I think that both have equal merit and that some stories could only be told in first and some only in third. An individual author may have strengths in one or the other, but a nimble one will be able to do at least journeyman work in both. My finished novel could not have been written in third person–it was a noir detective story and required an immersed, personal narrator inside who’s head we could reside. BLACK ARTS cannot be written in first, at least without becoming a very different book. It deals with two protagonists who have equal page time and switches limited third view between the two. Plus, both are unreliable narrators in certain areas, so for the sake of the story being told the head-hop aids the narrative.

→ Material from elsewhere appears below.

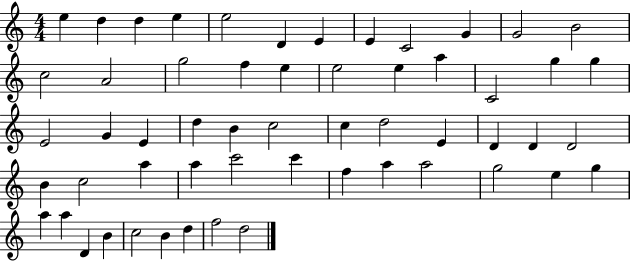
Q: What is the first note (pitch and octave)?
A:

Some people, not just agents, have a bias that first-person is easier to write and therefore requires less skill. They’re right in the sense that first person is easier to write, at the basic level–no worry of show vs. tell, no need to artfully find a way to describe what a character is thinking, no worry about integrating phsyical descriptions into the text…if we can read a character’s thoughts we just follow their stream-of-consciousness chatter. They’re wrong that it’s easy to write, as a point of view. First person is exponentially harder to do well because of all the shortcuts I just listed. In a story where you can read someone’s mind, avoiding the text becoming one massive tell is hugely hard. The first draft of NIGHT LIFE involved many pages of block paragraphs of exposition, Luna’s thoughts, tell tell tell. It was bad. Writing artful prose with a first person pov is not easy. Third limited has many more rules and if you can’t follow them it’s apparent immediately, and your prose sucks. It’s even more obvious with third omniscient.
Don’t worry about this…I don’t. The story will speak up about how it wants to be told–wisecracking first versus lush third, head-hopping omniscient versus super-mind-reading-author-powers close. Let the story talk, and usually you won’t be steered wrong.